Requirement:
In the entries that follow, find the line containing "Okay, do you"; from there, copy every line exactly through the line containing "If you have a question".

Data supplied:
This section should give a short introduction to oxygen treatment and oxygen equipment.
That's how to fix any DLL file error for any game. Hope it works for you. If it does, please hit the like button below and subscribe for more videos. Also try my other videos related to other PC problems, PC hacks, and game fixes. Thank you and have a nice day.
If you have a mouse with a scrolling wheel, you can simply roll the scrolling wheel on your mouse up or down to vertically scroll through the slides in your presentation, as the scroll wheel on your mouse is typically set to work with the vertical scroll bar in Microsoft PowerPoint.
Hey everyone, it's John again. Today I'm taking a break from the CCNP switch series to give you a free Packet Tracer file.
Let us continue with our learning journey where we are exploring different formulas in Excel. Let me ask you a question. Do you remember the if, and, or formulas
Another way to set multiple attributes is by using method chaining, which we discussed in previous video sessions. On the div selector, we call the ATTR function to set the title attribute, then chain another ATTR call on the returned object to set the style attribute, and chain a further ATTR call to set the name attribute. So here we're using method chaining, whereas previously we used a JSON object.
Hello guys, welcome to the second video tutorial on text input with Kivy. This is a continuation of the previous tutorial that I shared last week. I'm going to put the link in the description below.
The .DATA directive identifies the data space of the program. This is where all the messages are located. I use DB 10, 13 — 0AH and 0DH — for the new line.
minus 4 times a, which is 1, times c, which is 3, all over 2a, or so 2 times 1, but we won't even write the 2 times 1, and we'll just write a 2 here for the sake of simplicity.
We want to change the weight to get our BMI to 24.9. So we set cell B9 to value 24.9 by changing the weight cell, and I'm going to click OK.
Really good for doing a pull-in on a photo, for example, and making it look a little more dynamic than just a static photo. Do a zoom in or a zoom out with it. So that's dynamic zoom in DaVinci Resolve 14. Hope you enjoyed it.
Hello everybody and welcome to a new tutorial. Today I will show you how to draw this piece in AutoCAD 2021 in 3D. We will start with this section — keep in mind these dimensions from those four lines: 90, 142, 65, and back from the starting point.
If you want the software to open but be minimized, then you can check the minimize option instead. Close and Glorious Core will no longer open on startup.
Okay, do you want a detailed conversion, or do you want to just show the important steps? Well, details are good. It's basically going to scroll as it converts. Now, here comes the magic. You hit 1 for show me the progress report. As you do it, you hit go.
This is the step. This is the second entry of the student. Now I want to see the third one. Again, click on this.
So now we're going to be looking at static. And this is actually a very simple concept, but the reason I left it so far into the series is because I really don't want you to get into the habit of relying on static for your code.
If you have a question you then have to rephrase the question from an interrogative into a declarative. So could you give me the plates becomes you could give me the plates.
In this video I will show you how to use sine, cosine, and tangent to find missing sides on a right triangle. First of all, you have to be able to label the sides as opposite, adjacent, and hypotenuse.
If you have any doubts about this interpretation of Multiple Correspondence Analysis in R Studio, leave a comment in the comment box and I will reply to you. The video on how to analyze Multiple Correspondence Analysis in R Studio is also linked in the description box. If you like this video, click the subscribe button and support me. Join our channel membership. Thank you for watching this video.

Solution:
Okay, do you want a detailed conversion, or do you want to just show the important steps? Well, details are good. It's basically going to scroll as it converts. Now, here comes the magic. You hit 1 for show me the progress report. As you do it, you hit go.
This is the step. This is the second entry of the student. Now I want to see the third one. Again, click on this.
So now we're going to be looking at static. And this is actually a very simple concept, but the reason I left it so far into the series is because I really don't want you to get into the habit of relying on static for your code.
If you have a question you then have to rephrase the question from an interrogative into a declarative. So could you give me the plates becomes you could give me the plates.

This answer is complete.